I wasn't surprised by the need for a
good church. Parents know these things before their children do. It
isn't that we're smarter, because the Lord knows I'm no where near as
smart as my children. As parents, knowing these things is a matter
of perspective. My vantage point is nearly twenty five years beyond
hers. Time writes wisdom on any heart willing to receive the words.
Within the same sentence, she qualified
her statement with something so powerful, I had to write about it
this morning. She simply said that they needed to find a church with
some iron in it.
I knew exactly what she meant, and in
an instant, I was confronted with the consequences of past decisions.
So, I hope everyone will forgive this moment of personalization as I
explain to my daughter why she struggles so much to find a church
home.
It's not your fault that it has taken
you this long to realize the value of iron. Between the demands of
the Air Force, the refining of my spiritual and doctrinal stances,
and the pressures of satisfying a wife and children, you rarely
stayed in a church home for more than three years. The nomadic
lifestyle of the Air Force, coupled with my own insecurity in
spiritual matters, didn't allow you to forge long term spiritual
relationships. I was easily offended, overly demanding, and
completely self-absorbed. I allowed things into my home that
diminished our purity and holiness, and as you are well aware, I knew
I was right, but rarely acted right. I pushed you to believe your
gifting was special, and placed you on a pedestal. I've left more
than one church, because they failed to recognize your talent. If
things got too hard, or the Pastor demanded more than I was willing
to give, I'd pack us up and move to another church.

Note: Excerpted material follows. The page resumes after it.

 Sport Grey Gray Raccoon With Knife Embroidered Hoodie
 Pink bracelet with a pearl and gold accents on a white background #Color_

Then you grew up. You were no longer
in my life at the moment I needed you to be. I needed you to see the
power of joining with a body of believers who hold you to a higher
standard. I needed you to enjoy the joy of learning with others
equally as hungry as yourself. You see, the interesting thing about
iron sharpening iron, is that one submits and yields to the other,
alternately gaining strength. It is the forge of the master
blacksmith that heats us up and folds us into one another. The
hammer of the Holy Spirit drives us together while at the same time
leaving our individual contributions evident for others to see. Like
the fold lines in a good piece of steel, you can see the forging
process, but the work is one solid piece of steel. We have to be
forged together to become strong. It takes a long time to forge the
finest Damascus or Japanese blades. The firing and forging aren't
easy. Submission to one another is essential, purity is crucial, and
temper is everything. You didn't see these things when you were
growing up. I know you look at me through the rainbow glasses of
being my daughter, but I should have prepared you better, been more
secure, and trusted God more.
You see, one thing I've learned over
the years is that God loves you more than I do. He is infinitely
concerned with your salvation. I can grow weary, become angry, live
in frustration, but He doesn't. I can be mad at you, punish you, and
push you away, but he doesn't. He is always right where we left him.

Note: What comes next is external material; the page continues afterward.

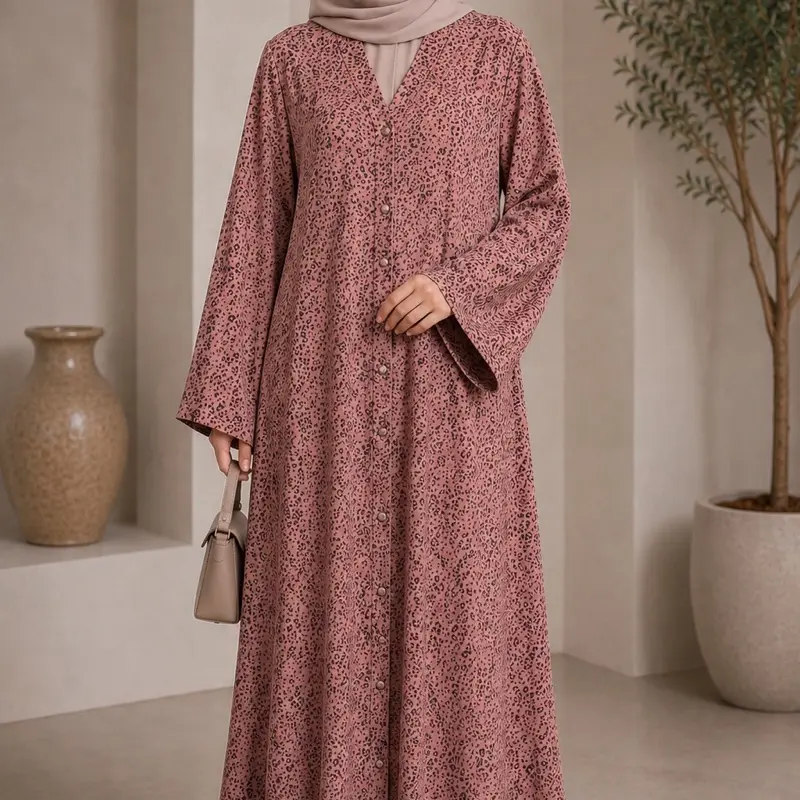 Dusty Rose Printed Button Front Abaya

You see, the things you are going through, can be blamed on me. I
should have been more stable, more submissive, more pure in my
devotion to others. So, when I hear you say; I need a church with
more iron in it, I am grateful that you've found this out almost
fifteen years before I realized it. It won't be easy, submitting
never is. Finding a church home with iron in it won't be easy
either. I was blessed to become part of this body we are in now.
You will need to find a church that teaches straight up word and not
watered down feel good stuff. If you're not challenged to grow,
pray, be a participant, or know the Word, then it doesn't matter how
much your children like it, how much they let you sing, how much they
picnic together, it doesn't have iron in it. Duct tape churches are
fine until the heat rises or the cold sets in. Churches built upon
the personality of the pastor, the quality of the praise team, or
even the amount of 'play' time they offer, isn't what church is for.
I have asked God to make you a
Spiritual metal detector. Listen for the evidence.